When a new leader acquires the lock, it will send out a lock acquired
notification along with periodic heartbeats. The get locker will attempt to
run immediately, but if a heartbeat arrives before it executes the heartbeat
will cancel the timer and reschedule it for the future. This process repeats
for each periodic heartbeat and the locker is never re-read from the OSD.

This is an issue only for namespace replayers due to the delayed fashion in
which the leader instance id is retrieved.
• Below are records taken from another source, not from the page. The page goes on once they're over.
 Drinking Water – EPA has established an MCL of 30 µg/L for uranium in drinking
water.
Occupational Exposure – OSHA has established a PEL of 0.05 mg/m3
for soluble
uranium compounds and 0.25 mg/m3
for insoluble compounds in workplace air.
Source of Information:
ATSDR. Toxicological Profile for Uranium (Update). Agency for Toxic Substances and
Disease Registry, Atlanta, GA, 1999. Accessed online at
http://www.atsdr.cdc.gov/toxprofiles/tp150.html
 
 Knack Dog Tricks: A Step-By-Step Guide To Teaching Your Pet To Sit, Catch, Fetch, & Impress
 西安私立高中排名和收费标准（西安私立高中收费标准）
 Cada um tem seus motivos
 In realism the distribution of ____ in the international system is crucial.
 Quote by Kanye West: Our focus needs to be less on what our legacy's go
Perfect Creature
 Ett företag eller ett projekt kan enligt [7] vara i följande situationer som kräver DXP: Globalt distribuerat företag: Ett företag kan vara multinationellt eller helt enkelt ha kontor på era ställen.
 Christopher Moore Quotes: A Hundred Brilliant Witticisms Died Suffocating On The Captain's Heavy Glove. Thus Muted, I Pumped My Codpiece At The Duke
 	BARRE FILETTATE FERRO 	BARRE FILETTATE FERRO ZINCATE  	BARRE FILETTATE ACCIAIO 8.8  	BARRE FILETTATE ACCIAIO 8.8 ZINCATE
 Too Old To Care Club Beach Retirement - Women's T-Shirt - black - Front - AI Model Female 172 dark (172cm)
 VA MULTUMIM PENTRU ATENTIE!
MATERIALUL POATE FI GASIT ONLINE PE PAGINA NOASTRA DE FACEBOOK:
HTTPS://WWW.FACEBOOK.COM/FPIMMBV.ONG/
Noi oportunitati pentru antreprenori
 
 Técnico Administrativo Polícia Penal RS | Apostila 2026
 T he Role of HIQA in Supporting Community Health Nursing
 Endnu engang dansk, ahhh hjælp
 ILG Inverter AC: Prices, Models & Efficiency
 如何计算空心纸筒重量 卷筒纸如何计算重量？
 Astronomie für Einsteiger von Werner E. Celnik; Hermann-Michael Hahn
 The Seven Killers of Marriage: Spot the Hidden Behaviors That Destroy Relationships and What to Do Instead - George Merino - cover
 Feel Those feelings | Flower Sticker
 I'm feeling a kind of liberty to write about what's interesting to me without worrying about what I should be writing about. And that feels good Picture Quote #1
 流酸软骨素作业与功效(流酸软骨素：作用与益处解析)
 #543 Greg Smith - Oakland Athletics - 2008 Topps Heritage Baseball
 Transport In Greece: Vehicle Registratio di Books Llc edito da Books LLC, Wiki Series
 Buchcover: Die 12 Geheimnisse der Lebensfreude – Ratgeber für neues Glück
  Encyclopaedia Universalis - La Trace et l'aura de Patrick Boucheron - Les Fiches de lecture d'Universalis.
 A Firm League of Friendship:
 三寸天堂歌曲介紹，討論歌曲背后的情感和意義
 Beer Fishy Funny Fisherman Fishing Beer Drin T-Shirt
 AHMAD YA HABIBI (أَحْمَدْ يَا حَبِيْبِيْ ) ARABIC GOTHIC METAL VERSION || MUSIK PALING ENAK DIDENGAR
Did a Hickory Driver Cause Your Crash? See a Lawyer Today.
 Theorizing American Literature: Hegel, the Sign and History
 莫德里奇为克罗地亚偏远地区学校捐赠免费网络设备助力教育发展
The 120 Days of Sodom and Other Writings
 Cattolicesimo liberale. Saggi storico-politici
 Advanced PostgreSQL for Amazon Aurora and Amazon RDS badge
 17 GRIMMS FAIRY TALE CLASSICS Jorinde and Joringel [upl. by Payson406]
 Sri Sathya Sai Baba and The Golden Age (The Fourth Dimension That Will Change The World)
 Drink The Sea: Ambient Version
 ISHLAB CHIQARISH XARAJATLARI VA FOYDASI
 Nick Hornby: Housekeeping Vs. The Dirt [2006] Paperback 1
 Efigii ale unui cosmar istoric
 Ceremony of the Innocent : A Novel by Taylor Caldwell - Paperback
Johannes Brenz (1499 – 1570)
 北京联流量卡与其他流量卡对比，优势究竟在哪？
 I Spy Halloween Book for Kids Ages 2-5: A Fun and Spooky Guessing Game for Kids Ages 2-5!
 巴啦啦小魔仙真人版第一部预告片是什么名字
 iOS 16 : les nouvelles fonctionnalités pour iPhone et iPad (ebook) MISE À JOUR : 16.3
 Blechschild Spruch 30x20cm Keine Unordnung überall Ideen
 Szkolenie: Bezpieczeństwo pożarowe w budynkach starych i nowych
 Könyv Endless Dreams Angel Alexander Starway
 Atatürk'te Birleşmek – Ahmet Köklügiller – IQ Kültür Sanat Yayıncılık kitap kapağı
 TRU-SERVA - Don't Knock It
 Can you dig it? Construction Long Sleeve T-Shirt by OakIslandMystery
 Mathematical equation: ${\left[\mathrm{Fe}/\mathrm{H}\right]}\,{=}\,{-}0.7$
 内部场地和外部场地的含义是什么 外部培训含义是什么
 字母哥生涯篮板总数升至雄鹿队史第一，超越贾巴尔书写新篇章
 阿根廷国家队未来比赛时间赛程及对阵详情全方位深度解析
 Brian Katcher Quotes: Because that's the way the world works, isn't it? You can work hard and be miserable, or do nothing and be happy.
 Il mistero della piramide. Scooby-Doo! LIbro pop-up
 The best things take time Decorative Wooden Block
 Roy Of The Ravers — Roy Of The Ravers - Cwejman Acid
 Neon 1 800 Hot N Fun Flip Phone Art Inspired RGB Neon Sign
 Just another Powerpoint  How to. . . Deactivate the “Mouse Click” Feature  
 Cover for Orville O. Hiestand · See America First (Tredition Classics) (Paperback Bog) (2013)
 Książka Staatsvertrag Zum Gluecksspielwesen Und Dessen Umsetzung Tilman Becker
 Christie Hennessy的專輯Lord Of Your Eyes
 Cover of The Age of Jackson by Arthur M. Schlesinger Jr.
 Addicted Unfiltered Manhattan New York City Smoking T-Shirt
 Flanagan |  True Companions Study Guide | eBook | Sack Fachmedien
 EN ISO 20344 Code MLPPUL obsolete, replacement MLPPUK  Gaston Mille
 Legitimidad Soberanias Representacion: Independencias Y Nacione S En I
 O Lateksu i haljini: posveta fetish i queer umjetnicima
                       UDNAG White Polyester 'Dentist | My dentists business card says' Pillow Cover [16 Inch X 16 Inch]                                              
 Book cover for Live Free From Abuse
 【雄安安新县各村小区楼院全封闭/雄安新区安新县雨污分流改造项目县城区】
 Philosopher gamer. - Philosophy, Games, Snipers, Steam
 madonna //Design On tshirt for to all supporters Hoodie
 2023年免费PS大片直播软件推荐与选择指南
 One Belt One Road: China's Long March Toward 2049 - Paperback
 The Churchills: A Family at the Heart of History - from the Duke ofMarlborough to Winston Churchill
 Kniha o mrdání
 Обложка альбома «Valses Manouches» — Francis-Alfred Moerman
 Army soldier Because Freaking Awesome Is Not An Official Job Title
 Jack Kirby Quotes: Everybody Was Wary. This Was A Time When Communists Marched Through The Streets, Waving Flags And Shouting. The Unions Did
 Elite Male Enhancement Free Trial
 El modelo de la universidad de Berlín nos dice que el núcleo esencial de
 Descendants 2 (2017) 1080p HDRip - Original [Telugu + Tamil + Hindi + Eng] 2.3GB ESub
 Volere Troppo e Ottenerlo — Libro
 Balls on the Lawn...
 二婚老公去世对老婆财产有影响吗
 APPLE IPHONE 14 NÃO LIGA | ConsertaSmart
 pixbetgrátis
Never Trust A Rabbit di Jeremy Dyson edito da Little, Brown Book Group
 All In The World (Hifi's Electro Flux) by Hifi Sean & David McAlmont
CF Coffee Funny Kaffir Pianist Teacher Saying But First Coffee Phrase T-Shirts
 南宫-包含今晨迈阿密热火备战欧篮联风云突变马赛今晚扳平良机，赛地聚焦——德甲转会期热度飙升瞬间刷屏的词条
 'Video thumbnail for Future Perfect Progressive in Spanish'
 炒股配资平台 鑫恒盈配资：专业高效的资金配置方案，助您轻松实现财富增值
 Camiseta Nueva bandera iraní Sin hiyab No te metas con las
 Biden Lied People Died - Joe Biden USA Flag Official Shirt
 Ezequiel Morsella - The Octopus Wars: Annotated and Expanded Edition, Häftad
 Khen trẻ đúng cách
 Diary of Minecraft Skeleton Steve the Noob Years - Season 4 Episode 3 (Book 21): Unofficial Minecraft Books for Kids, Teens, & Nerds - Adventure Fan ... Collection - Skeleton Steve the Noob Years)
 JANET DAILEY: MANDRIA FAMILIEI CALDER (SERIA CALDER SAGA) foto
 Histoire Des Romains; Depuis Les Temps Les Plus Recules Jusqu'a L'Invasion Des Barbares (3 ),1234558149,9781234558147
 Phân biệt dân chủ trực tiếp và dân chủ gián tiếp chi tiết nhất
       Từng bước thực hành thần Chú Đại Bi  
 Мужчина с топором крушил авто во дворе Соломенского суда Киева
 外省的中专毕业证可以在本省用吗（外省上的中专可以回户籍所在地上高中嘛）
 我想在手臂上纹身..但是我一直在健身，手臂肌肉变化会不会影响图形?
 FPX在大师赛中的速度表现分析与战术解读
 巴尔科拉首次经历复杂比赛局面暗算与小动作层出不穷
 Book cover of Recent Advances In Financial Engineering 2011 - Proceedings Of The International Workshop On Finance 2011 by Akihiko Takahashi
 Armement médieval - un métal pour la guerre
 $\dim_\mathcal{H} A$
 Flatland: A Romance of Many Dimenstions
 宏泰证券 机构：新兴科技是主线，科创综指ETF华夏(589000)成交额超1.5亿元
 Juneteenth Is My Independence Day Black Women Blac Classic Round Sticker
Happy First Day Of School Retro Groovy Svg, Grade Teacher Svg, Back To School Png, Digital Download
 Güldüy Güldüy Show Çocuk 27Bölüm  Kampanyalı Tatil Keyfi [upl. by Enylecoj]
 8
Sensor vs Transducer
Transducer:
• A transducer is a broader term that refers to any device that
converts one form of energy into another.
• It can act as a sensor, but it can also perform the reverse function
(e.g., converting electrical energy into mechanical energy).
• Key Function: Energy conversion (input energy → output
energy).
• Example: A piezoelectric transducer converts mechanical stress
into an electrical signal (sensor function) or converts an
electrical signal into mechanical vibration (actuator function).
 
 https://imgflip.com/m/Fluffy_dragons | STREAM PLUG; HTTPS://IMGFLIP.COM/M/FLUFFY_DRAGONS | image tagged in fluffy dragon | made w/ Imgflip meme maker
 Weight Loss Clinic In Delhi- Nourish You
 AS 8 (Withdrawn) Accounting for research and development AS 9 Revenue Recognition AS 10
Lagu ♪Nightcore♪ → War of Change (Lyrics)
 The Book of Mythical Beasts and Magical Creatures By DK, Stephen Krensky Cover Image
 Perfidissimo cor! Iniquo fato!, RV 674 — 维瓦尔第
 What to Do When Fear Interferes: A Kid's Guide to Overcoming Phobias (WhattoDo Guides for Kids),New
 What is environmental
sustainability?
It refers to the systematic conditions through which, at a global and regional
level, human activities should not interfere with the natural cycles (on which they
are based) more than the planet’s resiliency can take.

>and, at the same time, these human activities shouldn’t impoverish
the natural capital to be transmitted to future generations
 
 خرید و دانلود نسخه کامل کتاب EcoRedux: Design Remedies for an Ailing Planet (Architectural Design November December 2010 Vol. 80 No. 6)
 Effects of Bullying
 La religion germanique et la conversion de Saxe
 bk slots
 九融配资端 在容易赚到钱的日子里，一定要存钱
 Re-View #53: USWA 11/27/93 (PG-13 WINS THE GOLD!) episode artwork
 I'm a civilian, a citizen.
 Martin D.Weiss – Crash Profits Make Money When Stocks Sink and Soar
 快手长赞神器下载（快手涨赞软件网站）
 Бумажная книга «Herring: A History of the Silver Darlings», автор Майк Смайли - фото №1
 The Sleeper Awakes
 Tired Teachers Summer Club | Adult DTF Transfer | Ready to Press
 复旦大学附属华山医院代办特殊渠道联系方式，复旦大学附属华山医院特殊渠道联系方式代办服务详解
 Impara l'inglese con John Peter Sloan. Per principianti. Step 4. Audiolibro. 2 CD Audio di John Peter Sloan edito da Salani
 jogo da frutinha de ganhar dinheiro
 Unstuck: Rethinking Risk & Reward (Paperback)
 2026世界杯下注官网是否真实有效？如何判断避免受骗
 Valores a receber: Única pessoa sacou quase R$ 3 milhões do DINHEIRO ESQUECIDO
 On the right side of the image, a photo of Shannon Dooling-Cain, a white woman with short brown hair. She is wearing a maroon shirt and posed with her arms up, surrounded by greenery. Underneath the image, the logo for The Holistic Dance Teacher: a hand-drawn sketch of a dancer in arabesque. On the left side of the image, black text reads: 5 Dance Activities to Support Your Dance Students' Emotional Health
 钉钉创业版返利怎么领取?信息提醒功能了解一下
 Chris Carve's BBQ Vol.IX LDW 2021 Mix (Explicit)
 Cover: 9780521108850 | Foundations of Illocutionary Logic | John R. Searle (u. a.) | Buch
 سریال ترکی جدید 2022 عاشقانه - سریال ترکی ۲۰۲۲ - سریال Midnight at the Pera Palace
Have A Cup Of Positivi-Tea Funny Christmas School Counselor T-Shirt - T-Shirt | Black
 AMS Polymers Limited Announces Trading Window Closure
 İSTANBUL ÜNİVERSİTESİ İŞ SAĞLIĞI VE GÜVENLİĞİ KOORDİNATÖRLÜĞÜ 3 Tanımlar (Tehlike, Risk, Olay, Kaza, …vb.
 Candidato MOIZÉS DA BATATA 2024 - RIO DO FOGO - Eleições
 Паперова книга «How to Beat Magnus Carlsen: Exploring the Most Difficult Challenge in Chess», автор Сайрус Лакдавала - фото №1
Signed-off-by: Jason Dillaman <dillaman@redhat.com>
---

diff --git a/src/tools/rbd_mirror/LeaderWatcher.cc b/src/tools/rbd_mirror/LeaderWatcher.cc
index 1581319219d..ae705e3c5e2 100644
--- a/src/tools/rbd_mirror/LeaderWatcher.cc
+++ b/src/tools/rbd_mirror/LeaderWatcher.cc
@@ -946,7 +946,7 @@ void LeaderWatcher<I>::handle_heartbeat(Context *on_notify_ack) {
     std::scoped_lock locker{m_threads->timer_lock, m_lock};
     if (is_leader(m_lock)) {
       dout(5) << "got another leader heartbeat, ignoring" << dendl;
-    } else {
+    } else if (!m_locker.cookie.empty()) {
       cancel_timer_task();
       m_acquire_attempts = 0;
       schedule_acquire_leader_lock(1);